Yet buyers may consider most carpet
brands in a given price range to be the same. In this case, because perceived
brand differences are not large, buyers may shop around to learn what is
available, but buy relatively quickly.
They may respond primarily to a good
price or to purchase convenience. After the purchase, consumers might
experience post-purchase dissonance (after-sales discomfort) when they notice
certain disadvantages of the purchased carpet brand or hear favorable things
about brands not purchased.
To counter such dissonance, the
marketer's after-sale communications should provide evidence and support to
help consumers feel good both before and after their brand choices.
Habitual Buying Behavior
Habitual buying behavior occurs under
conditions of low consumer involvement and little significant brand difference.
For example, take salt.
Consumers have little involvement in
this product category - they simply go to the store and reach for a brand.
If they keep reaching for the same
brand, it is out of habit rather than strong brand loyalty. Consumers appear to
have low involvement with most low-cost, frequently purchased products.

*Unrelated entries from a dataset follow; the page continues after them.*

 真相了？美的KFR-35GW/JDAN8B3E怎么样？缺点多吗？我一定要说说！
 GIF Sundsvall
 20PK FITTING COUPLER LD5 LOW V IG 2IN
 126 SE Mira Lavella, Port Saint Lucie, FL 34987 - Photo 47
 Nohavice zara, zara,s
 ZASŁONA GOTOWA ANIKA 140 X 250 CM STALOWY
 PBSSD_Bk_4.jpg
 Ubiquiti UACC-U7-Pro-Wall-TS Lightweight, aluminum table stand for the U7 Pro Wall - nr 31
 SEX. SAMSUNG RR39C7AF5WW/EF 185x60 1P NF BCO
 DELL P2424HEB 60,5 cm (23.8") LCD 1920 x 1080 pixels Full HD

Consumers do not search extensively for
information about the brands, evaluate brand characteristics and make weighty
decisions about which brands to buy.
Instead, they passively receive
information as they watch television or read magazines.

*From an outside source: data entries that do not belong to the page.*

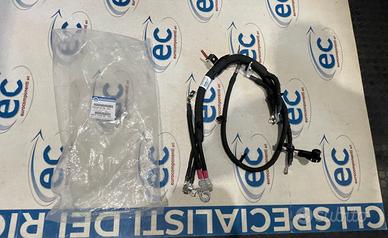 K68237042AF Cavo batteria positivo Jeep Cherokee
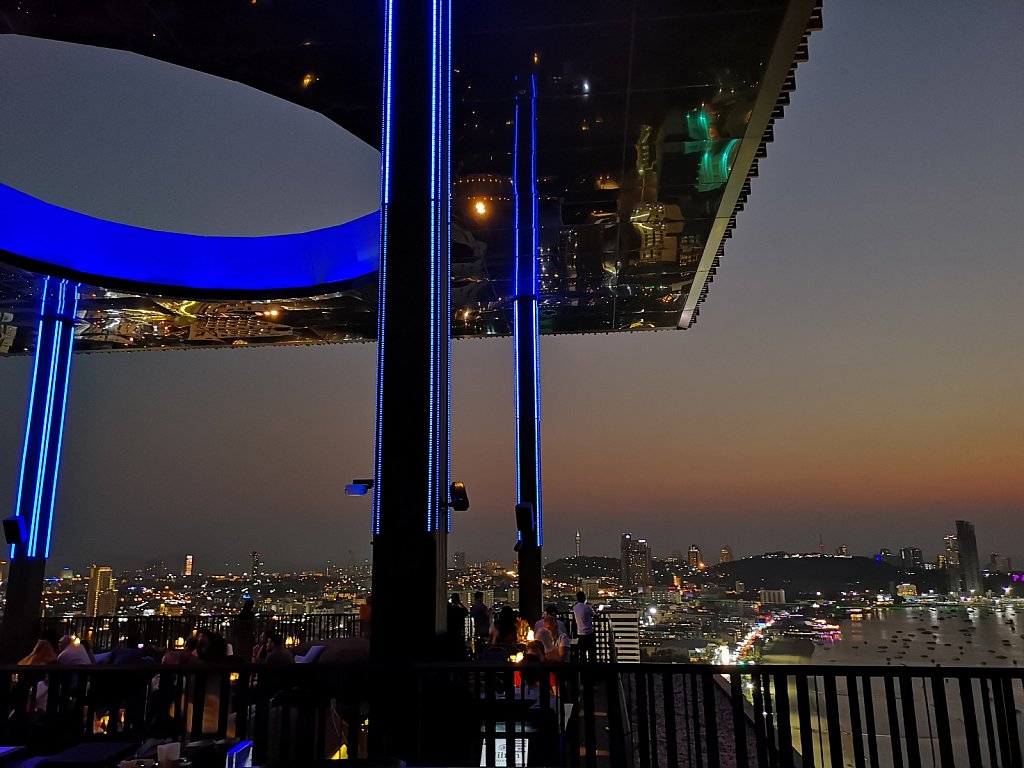 IMG-20190226-185201.jpg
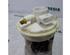 Fuel Pump FIAT Barchetta (183)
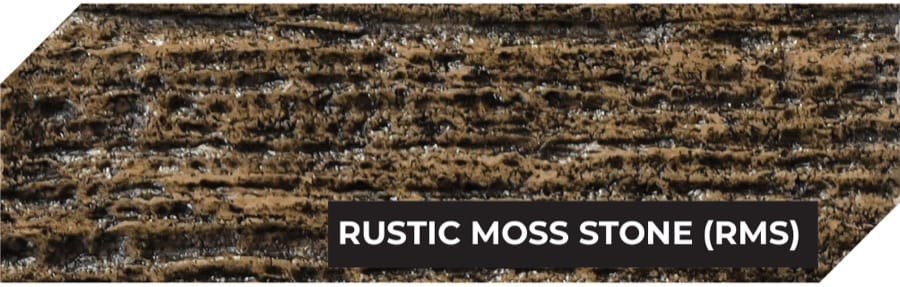 The Outdoor Plus Cabo Square Concrete 36" Gas Fire Pit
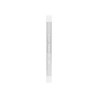 Repuesto portagomas tombow mono zero rectangular 2,5 x 5 mm tubo con 2 unidades
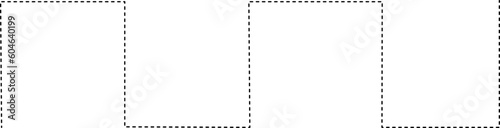 Tracing line for kids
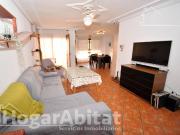 Piso en Venta en Piscinas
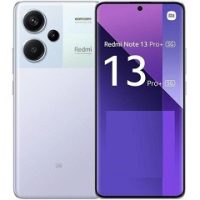 Xiaomi Redmi Note 13 Pro+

Ad repetition creates brand familiarity
rather than brand conviction. Consumers do not form strong attitudes towards a
brand; they select the brand because it is familiar and may not evaluate the
choice even after purchase.
Because buyers are not highly committed
to any brands, marketers of low involvement products with few brand differences
often use price and sales promotions to stimulate product trial.
Gaining distribution and attention at
the point of sale is critical. In advertising for a low-involvement product, ad
copy should stress only a few key points.
Visual symbols and imagery are
important because they can be remembered easily and associated with the brand.
Ad campaigns should include high repetition of short-duration messages.
Television is usually more effective
than print media because it is a low-Involvement medium suitable for passive
learning.
Advertising planning should be based on
classical conditioning theory, in which buyers learn to identify a certain
product, by a symbol repeatedly attached to it.
Products can be linked to some
involving personal situation. Nestle did this in a recent series of ads for
Gold Blend coffee, each consisting of a new soap-opera like episode featuring
the evolving romantic relationship between neighbors, Sharon and Tony.
Nestie's success in doing this
contrasts with the tea market in the United Kingdom where, although it is the
national drink, sales promotions dominate sales.
Variety-Seeking Buying Behavior
Consumers undertake variety-seeking
buying behavior in situations characterized by low consumer involvement, but
significant perceived brand differences.
In such cases, consumers often do a lot
of brand switching. For example, when purchasing biscuits, a consumer may hold
some beliefs, choose a biscuit without much evaluation, then evaluate that
brand during consumption.
But the next time, the consumer might
pick another brand out of boredom or simply to try something different. Brand
switching occurs for the sake of variety rather than because of
dissatisfaction. In such product categories, the marketing strategy may differ
for the market leader and minor brands.
The market leader will try to encourage
habitual buying behavior by dominating shelf space, avoiding out-of-stock
conditions and running frequent reminder advertising.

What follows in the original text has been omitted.